We are currently going through a fundamental ecologization of the image of thought and the image of being. The concept of a general ecology, as I am developing it, has a double meaning: on the one hand, it refers to a fundamental change in experience, and a fundamentally new position, that characterizes being and thinking under the conditions of a cyberneticized “state of nature”; on the other, it refers to the new description that this transformation demands, and the new philosophico-conceptual politics that it entails (Horl, 2013b, p. 21)

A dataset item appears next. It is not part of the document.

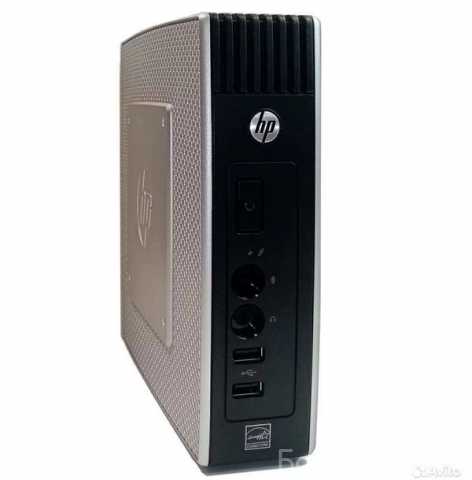 Продам: Мини-пк (тонкий клиент) HP T510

Yuk Hui initiates the concept of cosmotechnics as the unification of the moral and cosmological in different cultural techniques (Hui, 2016b, 2019a). Cosmotechnics is an emerging paradigm that goes beyond the nature/culture divide and reconciles technics with nature in a political/philosophical project focused on the relations between technics and environments. Cosmotechnics restores the originary cultural and moral dimensions of ontotechnic enactments of different worlds, reconnecting and renewing the plurality of different ways of understanding technics with the ontological plurality of ways of knowing and being (Blaser, 2013). Technodiversity is a comparative metaphysical project aimed at restoring balance between technics and nature and technics and culture. Technical practices are disconnected from moral principles affecting an imbalance in the social and material relations. Cosmotechnics is a critical concept that de-universalizes Western technology and returns technics to history. Technodiversity develops an anthropological technics or organology to reframe the instrumental tool metaphor of technology, towards technology as ontologically productive of the sensory organs and environments of existence. Cosmotechnics goes beyond the nature/technology divide in understanding technics as part of an organological evolution of humans and environments. By highlighting the moral aspects of technically mediated practices,
cosmotechnics restores space for human agency in a post-Kantian cosmopolitics, or cosmopolitan localism (Escobar, 2017; Vaccari, 2020, p. 4). The task of thinking technology today calls for the articulation of an organological philosophy of nature and technics that can situate and assess the limitations and consequences of the cybernetic metaphysics of artificial nature. The task is not to demonize cybernetics, but to understand its historical becomings beyond how it understands itself from alternative ontological perspectives that can undermine its tendencies toward totalizing and deterministic thinking (Hui, 2016b, 2019a).
Conclusion
Identified with cybernetics, embodied in algorithmic thinking, the universalized technics of modern Western civilization are reductively delimiting the possibilities of knowing and being within a nihilistic cosmology and an apocalyptic transhumanist teleology. The question of technology needs to be addressed now from a comparative metaphysics, centered around the concept of technodiversity in a cosmopolitics of cosmotechnics. The planetary conflict today might be captured as technological singularity versus cosmotechnical pluriversality. I propose we consider the present as a contradictory and uncertain crisis/transformation of the modern metaphysical worldview or cosmology and ask how knowledge and education might be redesigned and realigned at the local and regional levels within a pluriversal cosmopolitics that subverts the universal cosmotechnics of technological singularity.